## WHAT TO DO
Restrict the output to the lines below starting at the one that contains "Vilify Butterfly Gold Bracelet" and ending at the one that contains "Search-Light Letters", and restate them word for word, both ends included.
......
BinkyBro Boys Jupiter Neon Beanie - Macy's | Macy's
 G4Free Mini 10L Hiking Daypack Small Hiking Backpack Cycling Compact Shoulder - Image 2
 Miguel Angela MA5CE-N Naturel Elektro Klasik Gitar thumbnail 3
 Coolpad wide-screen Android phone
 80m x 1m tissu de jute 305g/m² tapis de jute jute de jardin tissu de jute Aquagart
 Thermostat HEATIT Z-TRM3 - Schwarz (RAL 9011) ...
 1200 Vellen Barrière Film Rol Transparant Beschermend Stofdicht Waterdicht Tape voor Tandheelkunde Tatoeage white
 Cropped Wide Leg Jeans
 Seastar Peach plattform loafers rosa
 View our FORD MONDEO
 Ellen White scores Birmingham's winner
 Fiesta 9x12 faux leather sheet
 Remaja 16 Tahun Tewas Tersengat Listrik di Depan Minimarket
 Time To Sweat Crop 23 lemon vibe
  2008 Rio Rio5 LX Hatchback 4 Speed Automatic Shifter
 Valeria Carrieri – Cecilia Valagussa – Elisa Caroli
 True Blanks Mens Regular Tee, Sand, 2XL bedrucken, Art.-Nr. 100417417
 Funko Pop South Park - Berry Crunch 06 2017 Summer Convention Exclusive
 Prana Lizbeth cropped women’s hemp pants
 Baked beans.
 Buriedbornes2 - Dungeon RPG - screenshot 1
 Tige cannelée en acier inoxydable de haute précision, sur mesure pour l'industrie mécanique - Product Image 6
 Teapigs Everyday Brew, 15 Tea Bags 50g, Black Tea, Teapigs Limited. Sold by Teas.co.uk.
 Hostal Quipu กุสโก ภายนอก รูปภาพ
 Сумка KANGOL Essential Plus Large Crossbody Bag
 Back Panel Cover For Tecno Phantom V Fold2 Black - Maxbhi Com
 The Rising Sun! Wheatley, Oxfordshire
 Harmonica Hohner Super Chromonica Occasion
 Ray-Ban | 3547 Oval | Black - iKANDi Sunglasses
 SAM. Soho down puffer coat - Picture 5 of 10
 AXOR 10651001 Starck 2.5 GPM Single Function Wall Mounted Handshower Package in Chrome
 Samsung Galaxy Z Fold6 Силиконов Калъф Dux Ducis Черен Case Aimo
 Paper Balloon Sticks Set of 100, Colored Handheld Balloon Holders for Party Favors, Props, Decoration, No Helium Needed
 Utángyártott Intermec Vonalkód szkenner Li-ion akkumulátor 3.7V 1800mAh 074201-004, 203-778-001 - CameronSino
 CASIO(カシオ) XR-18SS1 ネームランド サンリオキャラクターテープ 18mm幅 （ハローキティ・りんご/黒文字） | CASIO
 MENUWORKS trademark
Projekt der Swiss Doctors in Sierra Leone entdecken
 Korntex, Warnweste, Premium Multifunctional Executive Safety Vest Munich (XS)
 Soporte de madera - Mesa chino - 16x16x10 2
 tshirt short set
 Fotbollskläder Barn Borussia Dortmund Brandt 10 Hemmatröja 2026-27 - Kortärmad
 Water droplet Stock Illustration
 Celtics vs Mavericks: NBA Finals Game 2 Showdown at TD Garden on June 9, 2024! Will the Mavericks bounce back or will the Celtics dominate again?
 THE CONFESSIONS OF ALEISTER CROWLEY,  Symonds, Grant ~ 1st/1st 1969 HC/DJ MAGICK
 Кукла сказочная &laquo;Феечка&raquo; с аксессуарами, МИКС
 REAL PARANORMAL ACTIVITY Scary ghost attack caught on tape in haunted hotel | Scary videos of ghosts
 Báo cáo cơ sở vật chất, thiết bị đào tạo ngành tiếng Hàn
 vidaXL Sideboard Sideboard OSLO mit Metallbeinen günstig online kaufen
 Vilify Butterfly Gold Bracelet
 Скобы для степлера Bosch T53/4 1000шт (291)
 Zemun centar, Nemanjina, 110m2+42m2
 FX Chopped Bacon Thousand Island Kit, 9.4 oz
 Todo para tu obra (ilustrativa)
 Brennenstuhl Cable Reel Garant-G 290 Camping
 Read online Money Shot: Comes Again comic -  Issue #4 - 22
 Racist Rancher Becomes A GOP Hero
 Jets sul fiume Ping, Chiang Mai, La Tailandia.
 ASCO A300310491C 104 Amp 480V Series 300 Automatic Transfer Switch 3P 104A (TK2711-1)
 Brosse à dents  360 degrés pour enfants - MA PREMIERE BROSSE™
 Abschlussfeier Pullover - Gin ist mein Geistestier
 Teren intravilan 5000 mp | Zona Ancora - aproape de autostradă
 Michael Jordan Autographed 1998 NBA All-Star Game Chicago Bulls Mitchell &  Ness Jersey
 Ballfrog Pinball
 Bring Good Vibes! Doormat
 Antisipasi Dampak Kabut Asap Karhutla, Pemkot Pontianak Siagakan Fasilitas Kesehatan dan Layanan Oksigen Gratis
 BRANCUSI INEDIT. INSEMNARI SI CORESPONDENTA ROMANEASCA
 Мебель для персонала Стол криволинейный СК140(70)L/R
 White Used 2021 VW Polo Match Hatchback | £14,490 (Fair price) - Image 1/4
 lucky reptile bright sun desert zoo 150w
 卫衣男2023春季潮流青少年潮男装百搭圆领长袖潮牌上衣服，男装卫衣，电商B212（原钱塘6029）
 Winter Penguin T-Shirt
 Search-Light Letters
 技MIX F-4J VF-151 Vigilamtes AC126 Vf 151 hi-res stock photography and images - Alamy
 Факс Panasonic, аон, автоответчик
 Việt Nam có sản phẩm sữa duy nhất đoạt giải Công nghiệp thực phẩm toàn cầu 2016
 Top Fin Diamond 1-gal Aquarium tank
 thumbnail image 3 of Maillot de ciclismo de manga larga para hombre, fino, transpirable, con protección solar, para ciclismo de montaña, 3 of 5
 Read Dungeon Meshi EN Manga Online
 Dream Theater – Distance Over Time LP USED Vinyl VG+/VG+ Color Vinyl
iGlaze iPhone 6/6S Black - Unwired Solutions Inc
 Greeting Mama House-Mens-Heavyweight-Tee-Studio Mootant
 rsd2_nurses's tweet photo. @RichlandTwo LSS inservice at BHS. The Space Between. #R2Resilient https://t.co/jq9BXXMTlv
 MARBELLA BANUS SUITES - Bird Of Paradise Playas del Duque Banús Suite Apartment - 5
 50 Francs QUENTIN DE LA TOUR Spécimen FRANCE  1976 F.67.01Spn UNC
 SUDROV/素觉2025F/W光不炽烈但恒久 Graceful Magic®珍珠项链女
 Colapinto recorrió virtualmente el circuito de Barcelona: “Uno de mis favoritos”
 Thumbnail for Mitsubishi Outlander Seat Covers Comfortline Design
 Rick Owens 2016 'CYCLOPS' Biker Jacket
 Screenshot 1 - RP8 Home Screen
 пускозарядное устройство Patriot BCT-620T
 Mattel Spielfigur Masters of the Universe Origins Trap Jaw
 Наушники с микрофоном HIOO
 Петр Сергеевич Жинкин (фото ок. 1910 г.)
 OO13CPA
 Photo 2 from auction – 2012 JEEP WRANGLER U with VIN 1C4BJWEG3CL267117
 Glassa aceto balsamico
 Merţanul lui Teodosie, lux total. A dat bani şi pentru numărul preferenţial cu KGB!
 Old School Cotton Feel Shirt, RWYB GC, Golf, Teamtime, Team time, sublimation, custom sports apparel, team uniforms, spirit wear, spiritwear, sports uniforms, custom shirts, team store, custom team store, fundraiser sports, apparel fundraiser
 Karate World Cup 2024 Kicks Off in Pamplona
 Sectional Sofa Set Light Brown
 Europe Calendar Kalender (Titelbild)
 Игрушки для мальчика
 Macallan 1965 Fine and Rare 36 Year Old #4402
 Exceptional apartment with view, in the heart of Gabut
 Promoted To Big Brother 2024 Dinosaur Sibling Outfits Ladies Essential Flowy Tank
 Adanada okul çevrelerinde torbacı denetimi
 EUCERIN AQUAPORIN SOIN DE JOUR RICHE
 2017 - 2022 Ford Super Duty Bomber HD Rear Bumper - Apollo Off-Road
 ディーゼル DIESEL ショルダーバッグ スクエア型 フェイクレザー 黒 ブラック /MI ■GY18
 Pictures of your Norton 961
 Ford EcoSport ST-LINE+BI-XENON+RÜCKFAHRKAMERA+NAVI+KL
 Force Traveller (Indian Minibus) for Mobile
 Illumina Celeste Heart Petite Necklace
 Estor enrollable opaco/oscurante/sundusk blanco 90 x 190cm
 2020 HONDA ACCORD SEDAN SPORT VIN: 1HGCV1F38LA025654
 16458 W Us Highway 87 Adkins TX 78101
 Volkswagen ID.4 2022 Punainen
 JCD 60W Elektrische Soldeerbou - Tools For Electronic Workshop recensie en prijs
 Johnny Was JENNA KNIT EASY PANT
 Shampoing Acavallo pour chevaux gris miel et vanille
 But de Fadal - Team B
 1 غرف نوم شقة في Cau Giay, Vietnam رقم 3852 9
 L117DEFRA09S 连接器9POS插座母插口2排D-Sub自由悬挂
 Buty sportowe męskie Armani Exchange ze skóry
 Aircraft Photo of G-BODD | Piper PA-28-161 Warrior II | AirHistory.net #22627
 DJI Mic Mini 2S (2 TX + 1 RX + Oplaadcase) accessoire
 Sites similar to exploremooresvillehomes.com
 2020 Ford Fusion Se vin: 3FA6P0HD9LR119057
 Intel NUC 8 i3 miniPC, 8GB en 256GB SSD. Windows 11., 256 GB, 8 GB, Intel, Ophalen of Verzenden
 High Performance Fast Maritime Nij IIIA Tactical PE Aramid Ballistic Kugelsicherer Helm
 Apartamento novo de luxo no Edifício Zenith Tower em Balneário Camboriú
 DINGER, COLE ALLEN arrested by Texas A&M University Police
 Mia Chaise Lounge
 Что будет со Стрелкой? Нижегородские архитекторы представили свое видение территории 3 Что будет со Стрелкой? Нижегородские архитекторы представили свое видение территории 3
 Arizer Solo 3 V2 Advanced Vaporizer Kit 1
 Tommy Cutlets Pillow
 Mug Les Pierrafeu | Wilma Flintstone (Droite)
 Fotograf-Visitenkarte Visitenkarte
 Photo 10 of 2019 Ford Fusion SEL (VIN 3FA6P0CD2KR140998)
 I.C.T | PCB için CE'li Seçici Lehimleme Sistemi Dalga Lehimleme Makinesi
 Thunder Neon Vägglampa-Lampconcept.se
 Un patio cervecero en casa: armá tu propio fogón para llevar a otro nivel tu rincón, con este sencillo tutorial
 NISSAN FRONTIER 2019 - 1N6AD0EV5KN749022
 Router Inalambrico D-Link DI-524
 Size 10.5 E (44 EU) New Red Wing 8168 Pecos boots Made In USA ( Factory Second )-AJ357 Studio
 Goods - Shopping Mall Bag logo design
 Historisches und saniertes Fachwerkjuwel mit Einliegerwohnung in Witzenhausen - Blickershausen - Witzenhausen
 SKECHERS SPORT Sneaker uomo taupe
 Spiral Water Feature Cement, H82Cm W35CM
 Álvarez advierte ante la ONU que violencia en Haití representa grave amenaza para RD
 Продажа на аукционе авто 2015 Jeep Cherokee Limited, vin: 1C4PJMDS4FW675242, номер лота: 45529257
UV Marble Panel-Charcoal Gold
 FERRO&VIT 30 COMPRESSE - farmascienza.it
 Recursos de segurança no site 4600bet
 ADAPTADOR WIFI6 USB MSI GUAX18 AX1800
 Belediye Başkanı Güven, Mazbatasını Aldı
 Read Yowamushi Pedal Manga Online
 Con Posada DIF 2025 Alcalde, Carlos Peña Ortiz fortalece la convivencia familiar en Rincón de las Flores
......
## SOLUTION TO THE EXERCISE
 Vilify Butterfly Gold Bracelet
 Скобы для степлера Bosch T53/4 1000шт (291)
 Zemun centar, Nemanjina, 110m2+42m2
 FX Chopped Bacon Thousand Island Kit, 9.4 oz
 Todo para tu obra (ilustrativa)
 Brennenstuhl Cable Reel Garant-G 290 Camping
 Read online Money Shot: Comes Again comic -  Issue #4 - 22
 Racist Rancher Becomes A GOP Hero
 Jets sul fiume Ping, Chiang Mai, La Tailandia.
 ASCO A300310491C 104 Amp 480V Series 300 Automatic Transfer Switch 3P 104A (TK2711-1)
 Brosse à dents  360 degrés pour enfants - MA PREMIERE BROSSE™
 Abschlussfeier Pullover - Gin ist mein Geistestier
 Teren intravilan 5000 mp | Zona Ancora - aproape de autostradă
 Michael Jordan Autographed 1998 NBA All-Star Game Chicago Bulls Mitchell &  Ness Jersey
 Ballfrog Pinball
 Bring Good Vibes! Doormat
 Antisipasi Dampak Kabut Asap Karhutla, Pemkot Pontianak Siagakan Fasilitas Kesehatan dan Layanan Oksigen Gratis
 BRANCUSI INEDIT. INSEMNARI SI CORESPONDENTA ROMANEASCA
 Мебель для персонала Стол криволинейный СК140(70)L/R
 White Used 2021 VW Polo Match Hatchback | £14,490 (Fair price) - Image 1/4
 lucky reptile bright sun desert zoo 150w
 卫衣男2023春季潮流青少年潮男装百搭圆领长袖潮牌上衣服，男装卫衣，电商B212（原钱塘6029）
 Winter Penguin T-Shirt
 Search-Light Letters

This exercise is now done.